Amber is non-verbal and partially paralyzed following a stroke and was having difficulties after waking up in the hospital.
Savage was able to calm her daughter and planned to stay with her through the night. Unfortunately, visiting hours ended at 7 p.m., and Savage was told she had to leave.
"The nurse said that the visiting hours were over at seven, and I had to leave, and I said I'm not going to leave. I want to stay here with my daughter. Can you call the doctor because the doctor is the one that wanted me here with her? And she said no that they couldn't do that that COVID rules said that visiting hours were over at seven," Savage told the station.
Instead of leaving, Savage refused, forcing the hospital to call the police. Deputies spent several hours trying to convince Savage to leave and return the next day at 9 a.m.
"The sheriff's office came up. They were also very polite. They kept trying to get me to leave, and I said I'm not leaving; I'm not going to leave my daughter's side."
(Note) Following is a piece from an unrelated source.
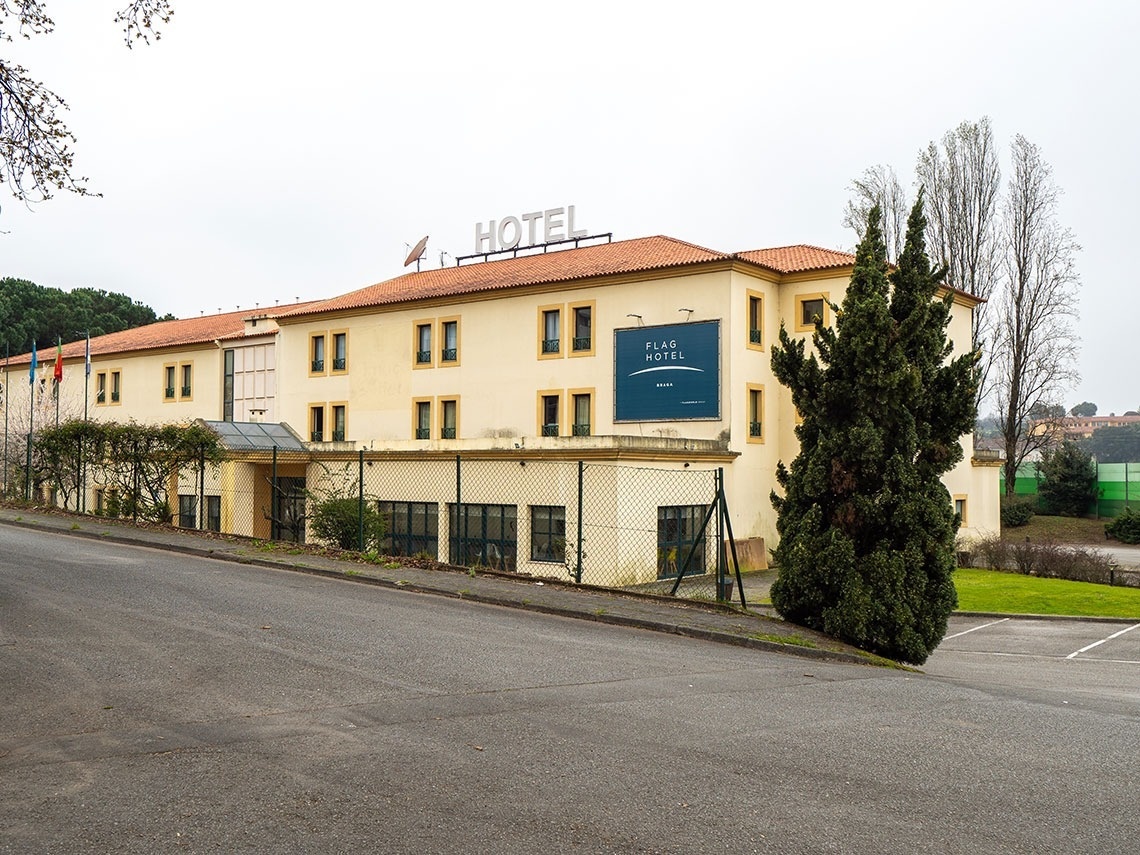 a hotel with a blue sign that says flag hotel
Eventually, deputies took Savage into custody, and she spent about 24 hours in jail on a trespassing charge. While she said that spending the night in prison was a horrific experience, she does not regret her decision.
"Not an experience that I would ever want to do again for the rest of my life, not ever. It was horrible. It was filthy. It was more like an insane asylum with the women screaming and hollering and banging on bars and banging on walls. It was just terrifying, but I would rather be there than know that I had walked away from my daughter."
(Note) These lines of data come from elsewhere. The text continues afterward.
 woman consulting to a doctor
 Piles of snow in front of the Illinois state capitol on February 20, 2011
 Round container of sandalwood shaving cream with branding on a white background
The hospital defended its policy on limiting visitation hours because of the coronavirus pandemic.
"Like health care organizations throughout the country, we have put policies in place to protect everyone from the COVID-19 virus, including patients, visitors, and staff," UF Health North said in a statement.
"Information about visitation limitations are placed in areas visible to those entering our facilities," the statement continued.